### [TASK PROMPT]
When you return the data, keep every word exact and include none of the images.

### [COLLECTED DATA]
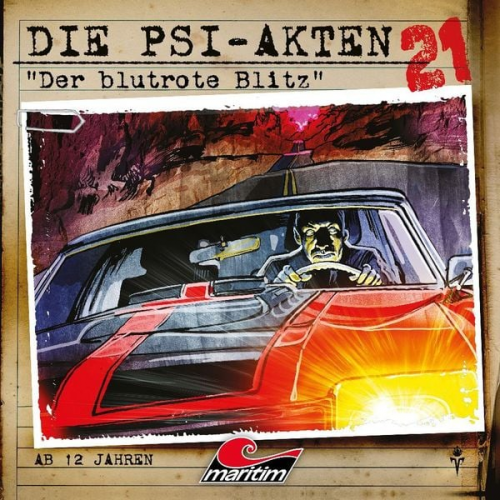 Marc Freund - Die PSI-Akten - Der blutrote Blitz, 1 Audio-CD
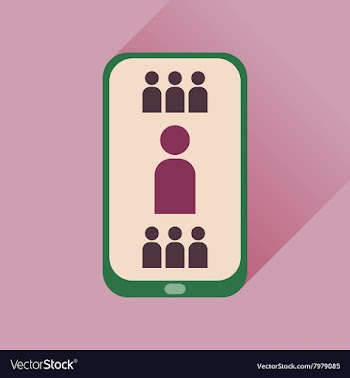 Flat icon with long shadow mobile phone vector image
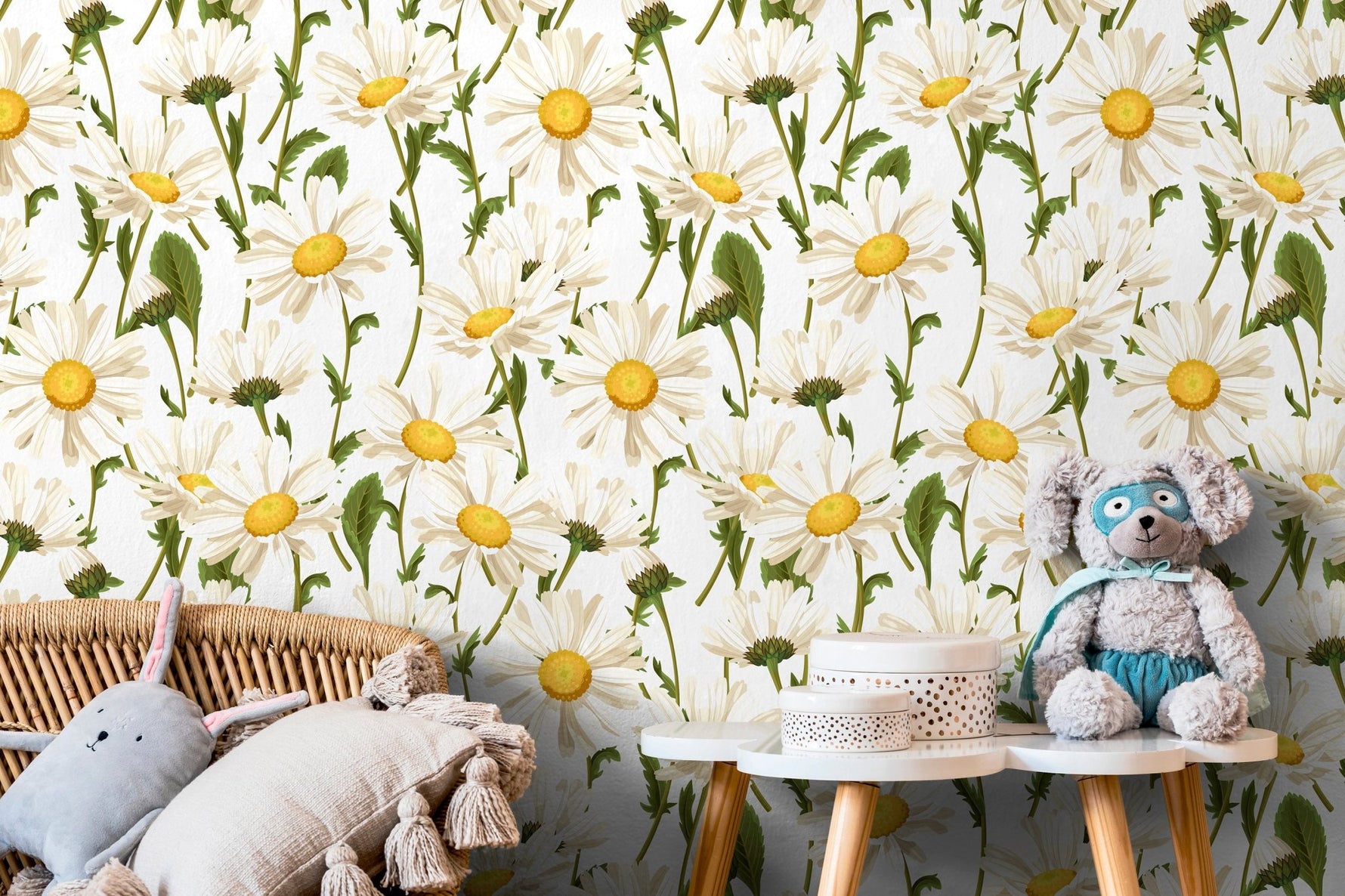 Daisy Delight Wallpaper - A209 - WallTrend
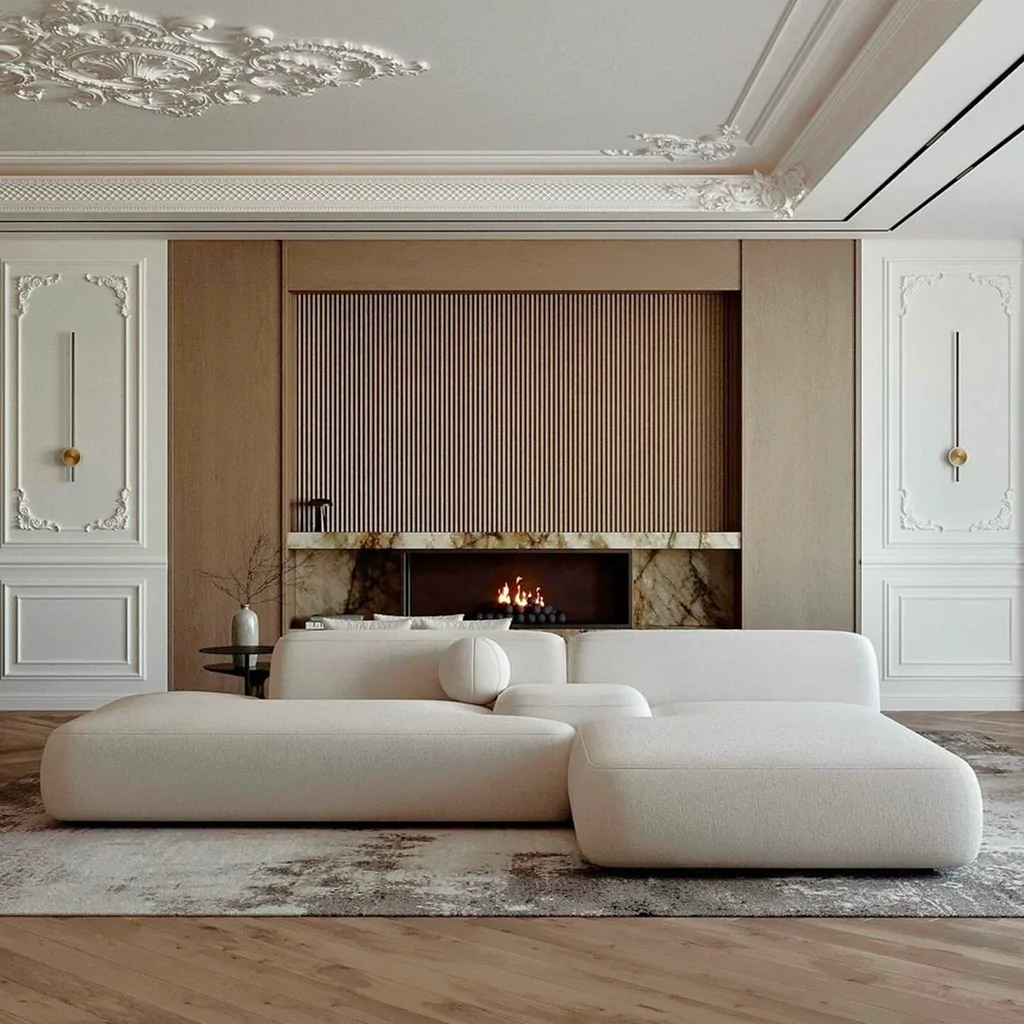 Дизайн интерьера гостиной в классическом стиле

### [ANSWER BOX]
 Marc Freund - Die PSI-Akten - Der blutrote Blitz, 1 Audio-CD
 Flat icon with long shadow mobile phone vector image
 Daisy Delight Wallpaper - A209 - WallTrend
 Дизайн интерьера гостиной в классическом стиле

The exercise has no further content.